Find number of six digit numbers divisible by $3$ but none of the digits is $3$
My try:
Let the six digits are $a,b,c,d,e,f$ such that
$$a+b+c+d+e+f=3p$$
where $1 \le p \le 18$
Now since $a \ge 1$ we have by Stars and Bars Technique number of solutions of the above equation as:
$$S=\sum_{p=1}^{18}\binom{3p+4}{5}$$
But if we use Exclusion method, its very lengthy.
Any hint?
On
The digits we can use to form these numbers are $$\{0, 1,2,4,5,6,7,8,9\}\equiv \{0, 1, 2,1, 2,0,1,2,0\}\pmod3$$
Let $S$ be the sum of the last five digits,
$$ \begin{array}{c|lcr} S\bmod3 & \color{blue}0 & \color{red}1 & \color{green}2 \\ \text{Probability} & 1/3 & 1/3 & 1/3 \\ \end{array} $$
Observe that the first digit $\in\{1,2,4,5,6,7,8,9\}\equiv\{\color{green}1,\color{red}2,\color{green}1,\color{red}2,\color{blue}0,\color{green}1,\color{red}2,\color{blue}0\}\bmod3$.
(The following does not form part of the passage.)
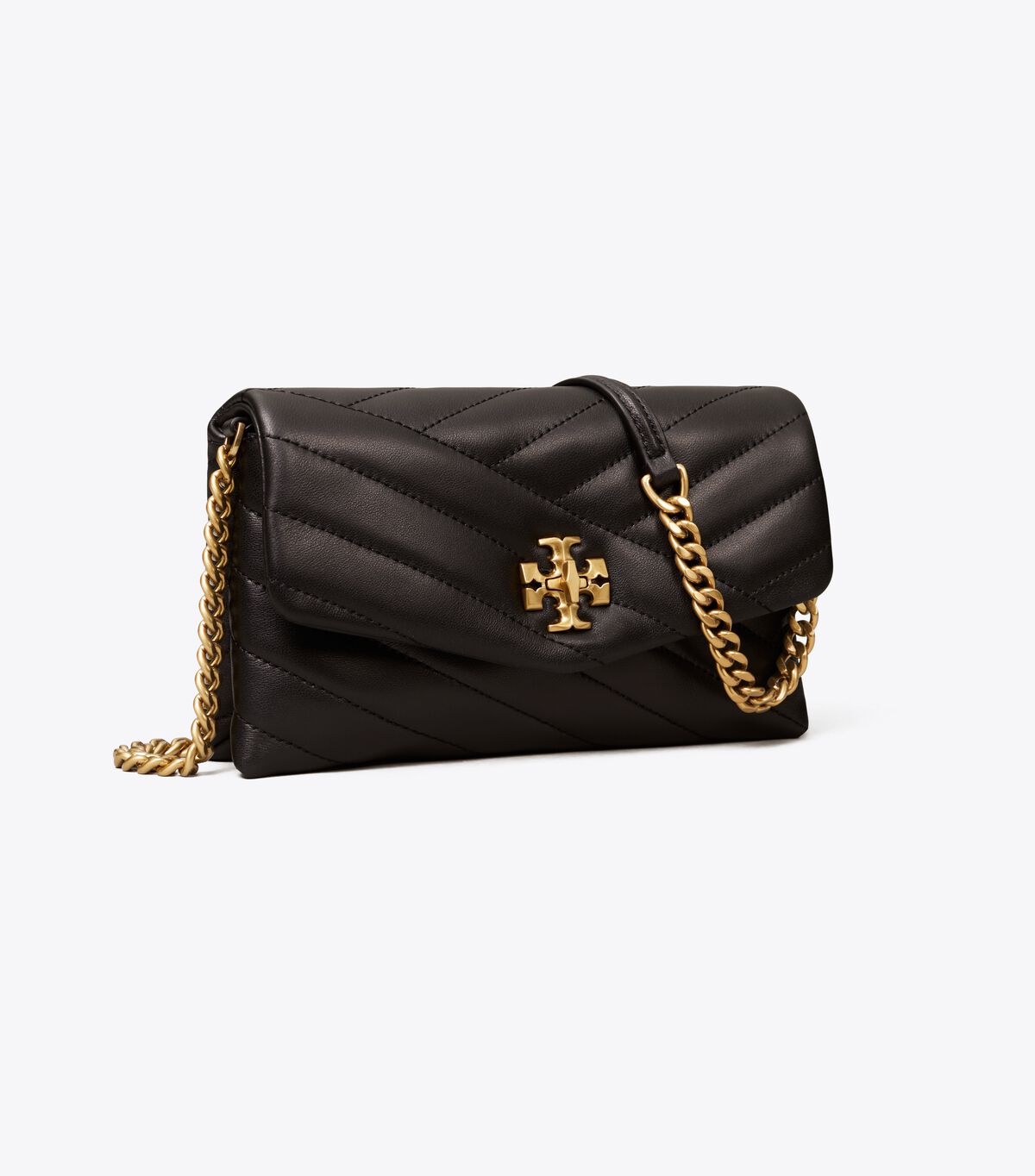 tory burch kira chevron chain wallet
Therefore, the probability, that a six digit number - from the ones we are considering - is divisible by $3$ is $$P=\color{blue}{\frac13\cdot\frac28}+\color{red}{\frac13\cdot\frac38}+\color{green}{\frac13\cdot\frac38}=\frac{8}{24}=\frac13$$ Therefore, exactly one third of all numbers - from the ones we are considering - is divisible by $3$...
Excluding $3$, there are exactly three digits congruent to each of $0,1$ and $2$ $\pmod 3$.
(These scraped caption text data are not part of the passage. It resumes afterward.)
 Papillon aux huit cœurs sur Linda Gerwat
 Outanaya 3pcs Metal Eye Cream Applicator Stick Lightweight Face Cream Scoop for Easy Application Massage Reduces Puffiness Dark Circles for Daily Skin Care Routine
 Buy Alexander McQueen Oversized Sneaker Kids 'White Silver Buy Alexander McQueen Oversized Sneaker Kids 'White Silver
Let the first $5$ digits be whatever you like (excluding $3$) There are $8\times 9^4$ such numbers (trusting that the string can not start with $0$). Now we choose the final digit in order to make the sum of the digits $0\pmod 3$. For each given prefix, there are exactly $3$ ways to do that. Thus the answer is $$3\times 8\times 9^4$$